───── Source data ─────

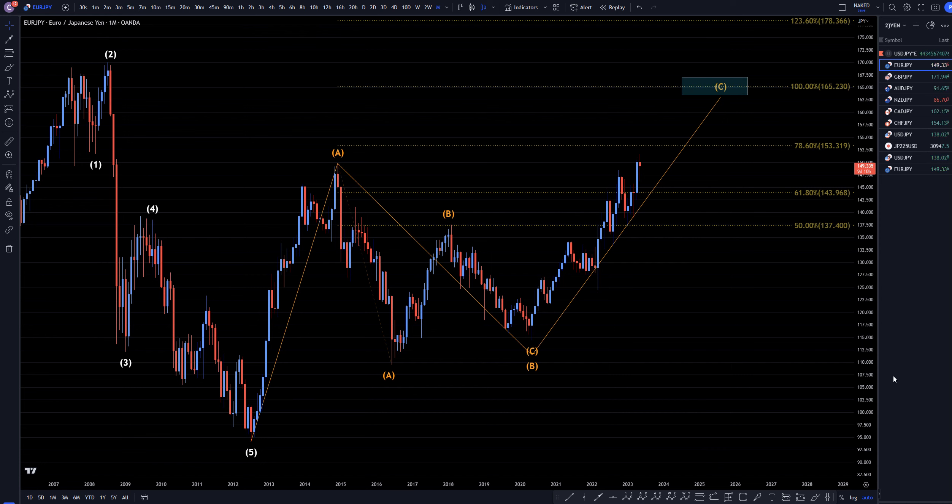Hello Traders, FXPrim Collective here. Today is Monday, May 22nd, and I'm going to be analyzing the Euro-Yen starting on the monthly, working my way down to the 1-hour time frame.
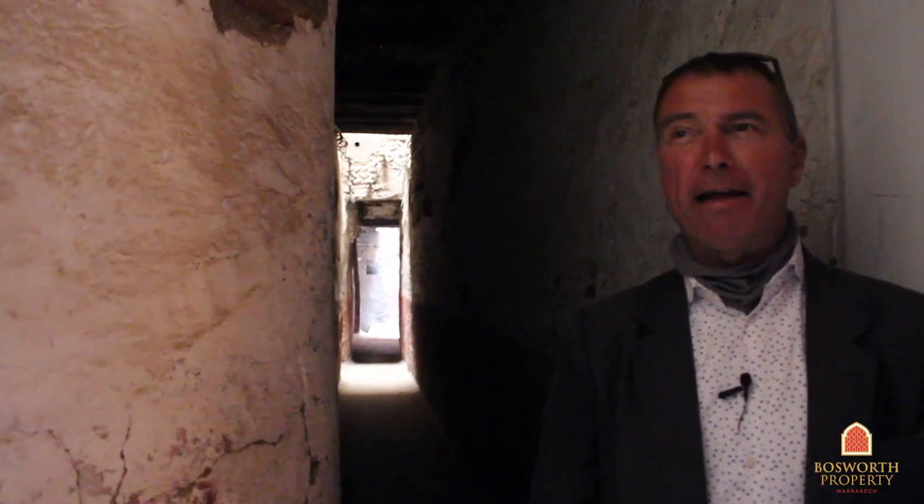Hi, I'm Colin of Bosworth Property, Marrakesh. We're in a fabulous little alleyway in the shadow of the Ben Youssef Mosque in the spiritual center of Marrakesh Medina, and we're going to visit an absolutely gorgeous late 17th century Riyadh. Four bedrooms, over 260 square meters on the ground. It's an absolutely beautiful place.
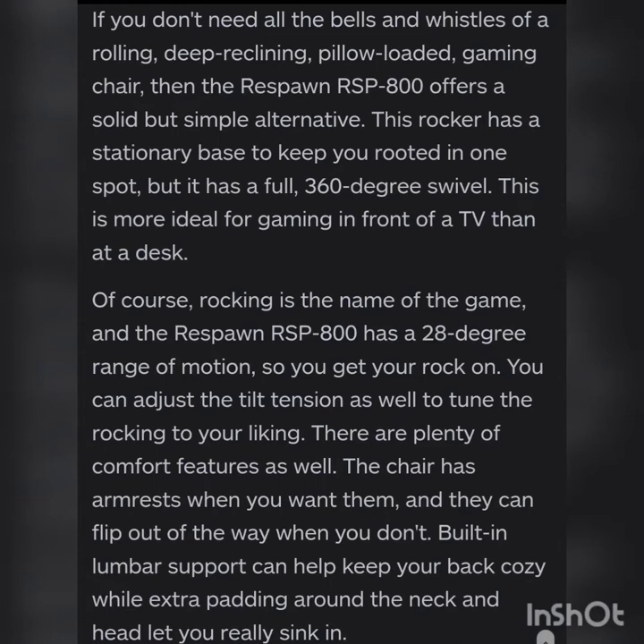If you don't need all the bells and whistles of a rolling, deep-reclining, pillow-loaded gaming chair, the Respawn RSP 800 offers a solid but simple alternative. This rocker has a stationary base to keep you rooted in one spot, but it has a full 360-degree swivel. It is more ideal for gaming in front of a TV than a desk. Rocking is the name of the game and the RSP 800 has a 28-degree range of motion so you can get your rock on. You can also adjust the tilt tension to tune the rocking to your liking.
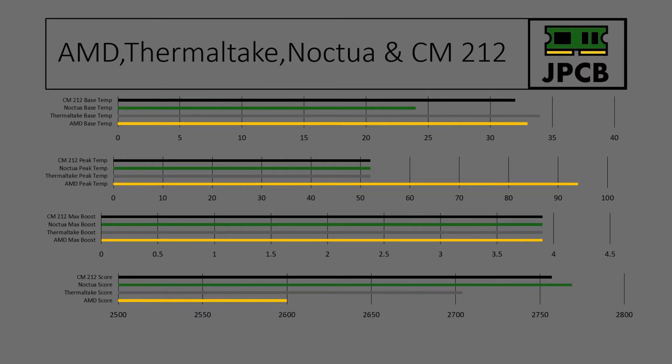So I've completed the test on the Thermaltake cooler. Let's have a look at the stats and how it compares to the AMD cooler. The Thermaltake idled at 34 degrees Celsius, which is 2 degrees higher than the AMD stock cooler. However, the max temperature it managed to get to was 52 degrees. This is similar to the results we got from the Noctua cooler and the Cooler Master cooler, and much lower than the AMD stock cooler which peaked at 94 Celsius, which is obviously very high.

─────

→ **Exercise brief**
Excluding the images, copy all of the material above verbatim.

→ **Task solution**
Hello Traders, FXPrim Collective here. Today is Monday, May 22nd, and I'm going to be analyzing the Euro-Yen starting on the monthly, working my way down to the 1-hour time frame.
Hi, I'm Colin of Bosworth Property, Marrakesh. We're in a fabulous little alleyway in the shadow of the Ben Youssef Mosque in the spiritual center of Marrakesh Medina, and we're going to visit an absolutely gorgeous late 17th century Riyadh. Four bedrooms, over 260 square meters on the ground. It's an absolutely beautiful place.
If you don't need all the bells and whistles of a rolling, deep-reclining, pillow-loaded gaming chair, the Respawn RSP 800 offers a solid but simple alternative. This rocker has a stationary base to keep you rooted in one spot, but it has a full 360-degree swivel. It is more ideal for gaming in front of a TV than a desk. Rocking is the name of the game and the RSP 800 has a 28-degree range of motion so you can get your rock on. You can also adjust the tilt tension to tune the rocking to your liking.
So I've completed the test on the Thermaltake cooler. Let's have a look at the stats and how it compares to the AMD cooler. The Thermaltake idled at 34 degrees Celsius, which is 2 degrees higher than the AMD stock cooler. However, the max temperature it managed to get to was 52 degrees. This is similar to the results we got from the Noctua cooler and the Cooler Master cooler, and much lower than the AMD stock cooler which peaked at 94 Celsius, which is obviously very high.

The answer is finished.